[Short web captions]
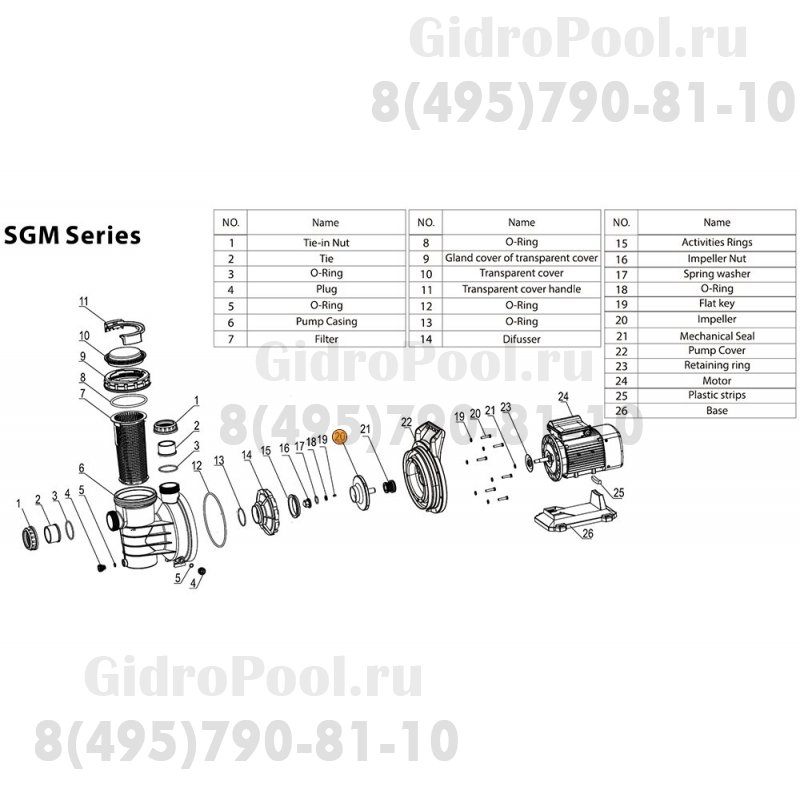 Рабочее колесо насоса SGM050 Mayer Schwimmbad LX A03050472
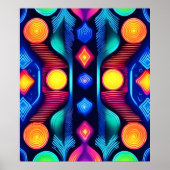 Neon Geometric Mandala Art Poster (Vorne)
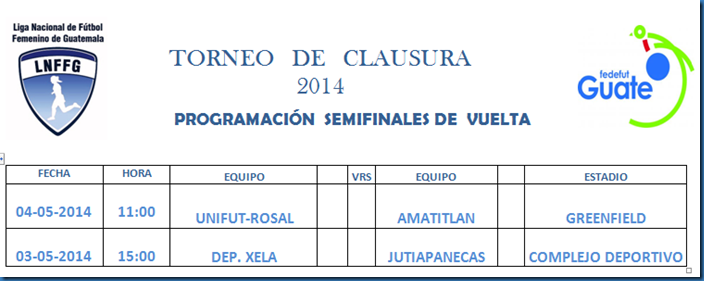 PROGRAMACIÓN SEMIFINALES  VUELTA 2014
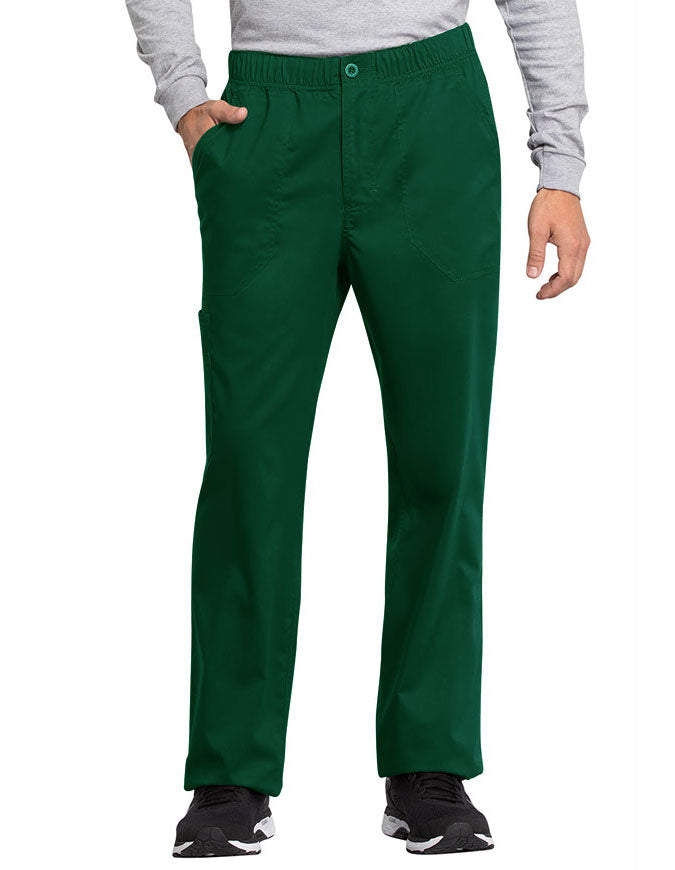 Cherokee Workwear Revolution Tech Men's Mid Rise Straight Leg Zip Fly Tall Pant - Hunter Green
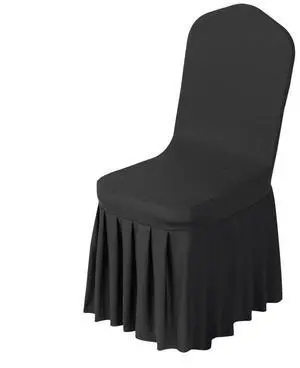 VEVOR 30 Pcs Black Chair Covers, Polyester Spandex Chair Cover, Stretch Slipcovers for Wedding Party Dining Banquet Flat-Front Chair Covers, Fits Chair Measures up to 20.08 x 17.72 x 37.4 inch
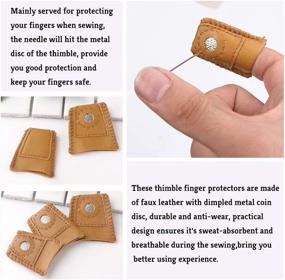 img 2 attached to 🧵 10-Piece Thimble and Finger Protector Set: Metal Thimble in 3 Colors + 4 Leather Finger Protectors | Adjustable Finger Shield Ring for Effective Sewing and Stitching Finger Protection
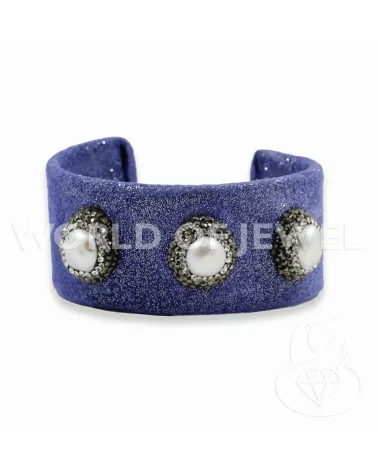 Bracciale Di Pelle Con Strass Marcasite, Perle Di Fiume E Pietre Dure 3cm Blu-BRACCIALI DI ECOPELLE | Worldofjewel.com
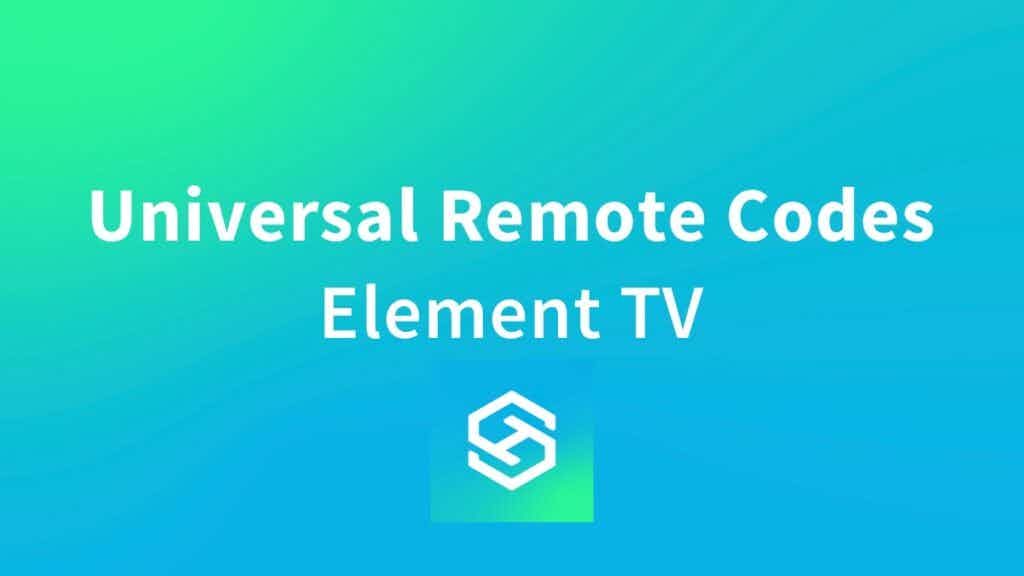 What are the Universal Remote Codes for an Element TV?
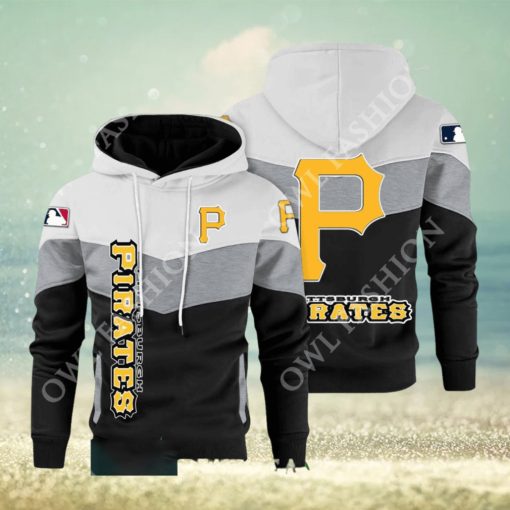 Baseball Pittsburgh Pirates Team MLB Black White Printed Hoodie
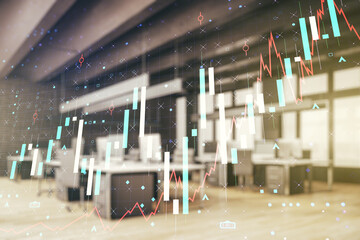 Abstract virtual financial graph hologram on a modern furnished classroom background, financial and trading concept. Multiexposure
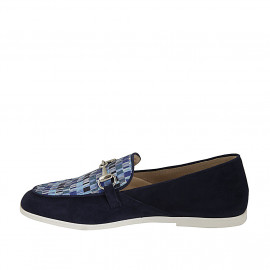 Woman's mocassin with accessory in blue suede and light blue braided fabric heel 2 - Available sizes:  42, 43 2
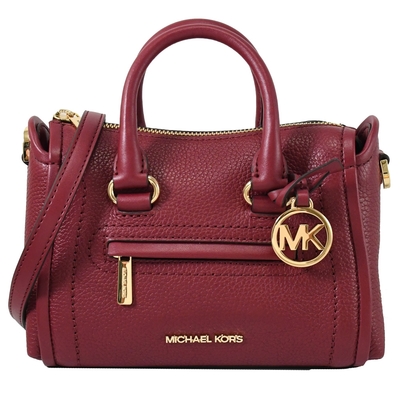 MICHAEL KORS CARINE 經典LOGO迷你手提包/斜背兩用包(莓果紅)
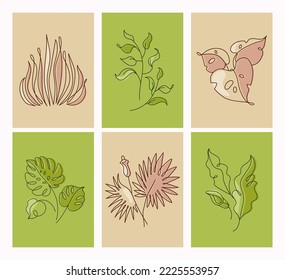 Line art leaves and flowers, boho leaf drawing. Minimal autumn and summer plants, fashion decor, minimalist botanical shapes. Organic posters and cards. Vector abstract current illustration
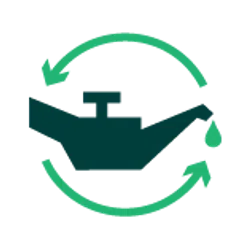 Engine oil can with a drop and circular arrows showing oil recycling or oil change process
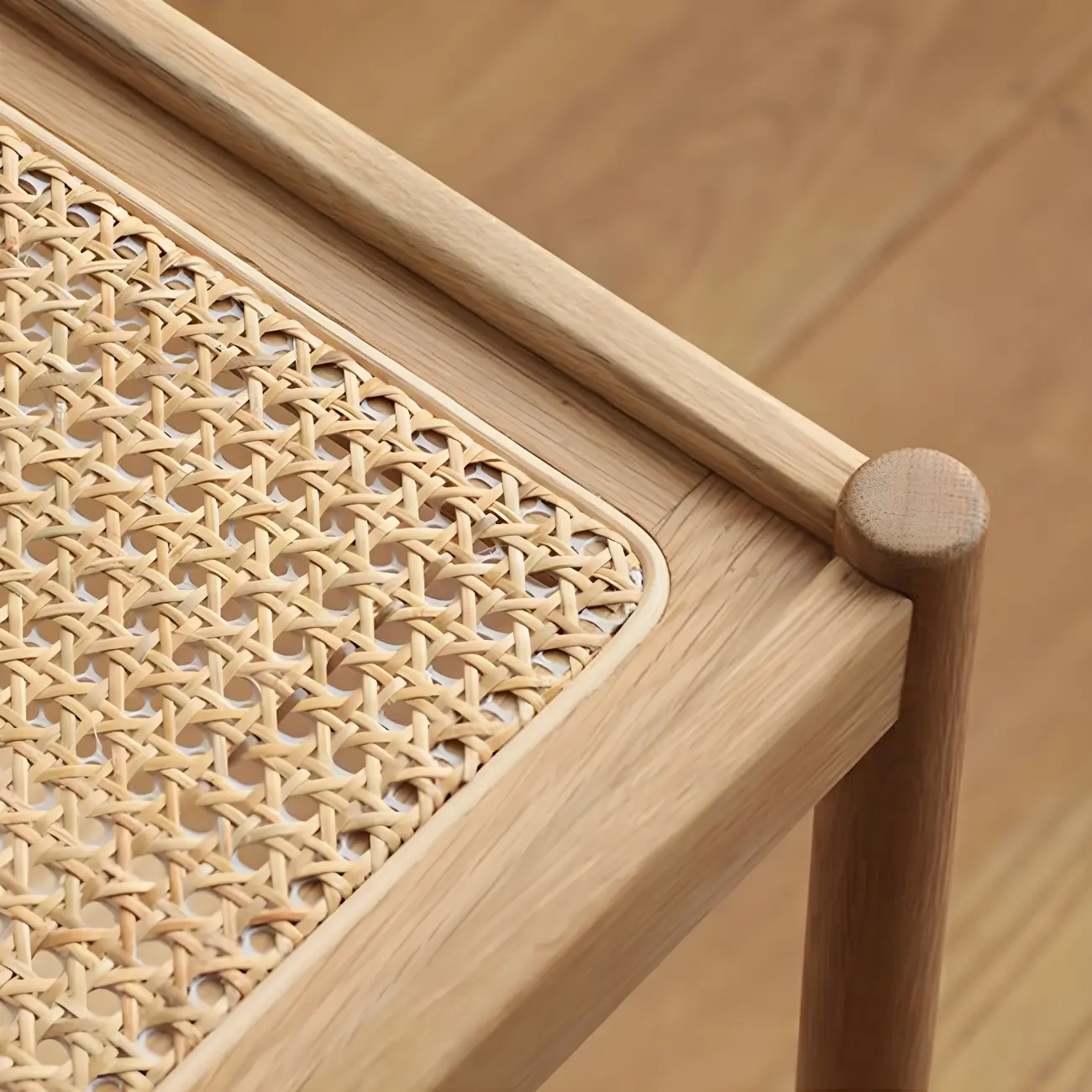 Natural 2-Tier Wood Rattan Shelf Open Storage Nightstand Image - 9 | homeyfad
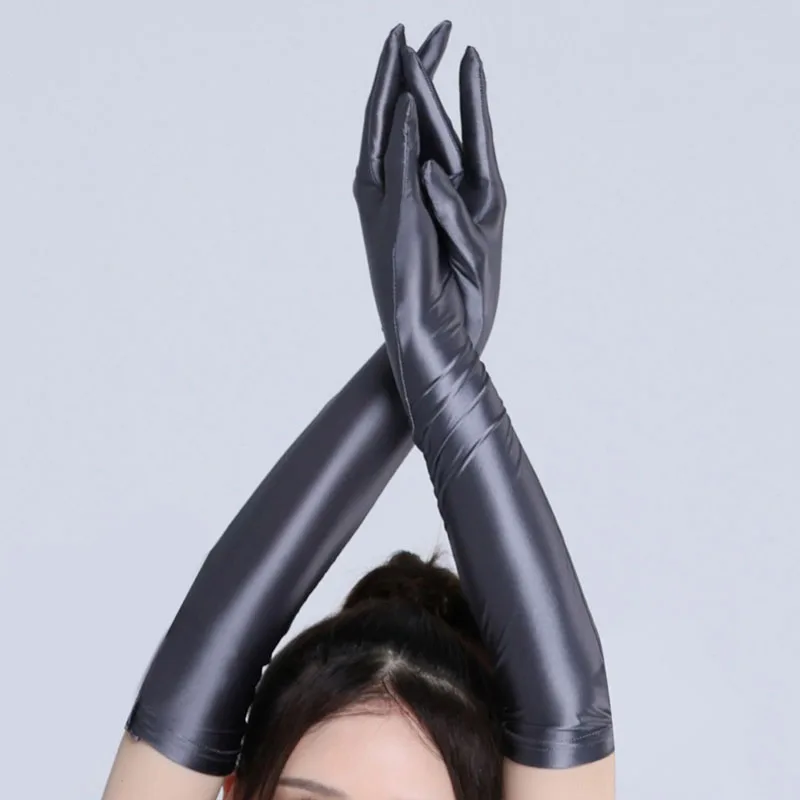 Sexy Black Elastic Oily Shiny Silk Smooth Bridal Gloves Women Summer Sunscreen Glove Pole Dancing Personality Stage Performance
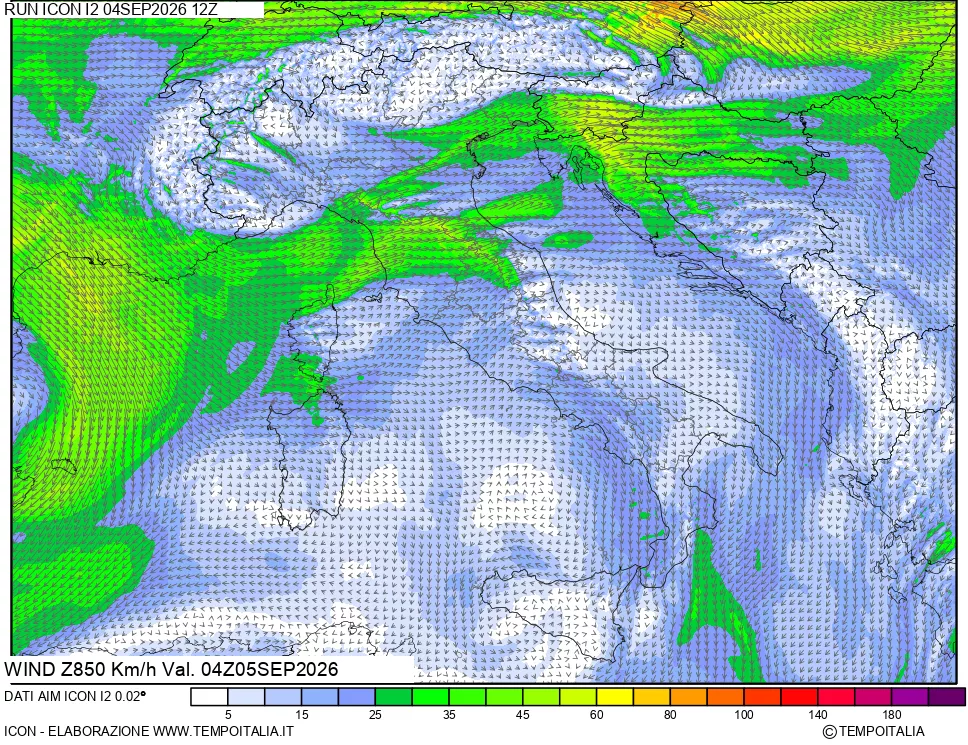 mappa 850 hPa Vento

Task to complete: Would you please print only the lines running from the one with "Baseball Pittsburgh Pirates" to the final line of the entries above, exactly as written and without pictures?

Result of the exercise:
 Baseball Pittsburgh Pirates Team MLB Black White Printed Hoodie
 Abstract virtual financial graph hologram on a modern furnished classroom background, financial and trading concept. Multiexposure
 Woman's mocassin with accessory in blue suede and light blue braided fabric heel 2 - Available sizes:  42, 43 2
 MICHAEL KORS CARINE 經典LOGO迷你手提包/斜背兩用包(莓果紅)
 Line art leaves and flowers, boho leaf drawing. Minimal autumn and summer plants, fashion decor, minimalist botanical shapes. Organic posters and cards. Vector abstract current illustration
 Engine oil can with a drop and circular arrows showing oil recycling or oil change process
 Natural 2-Tier Wood Rattan Shelf Open Storage Nightstand Image - 9 | homeyfad
 Sexy Black Elastic Oily Shiny Silk Smooth Bridal Gloves Women Summer Sunscreen Glove Pole Dancing Personality Stage Performance
 mappa 850 hPa Vento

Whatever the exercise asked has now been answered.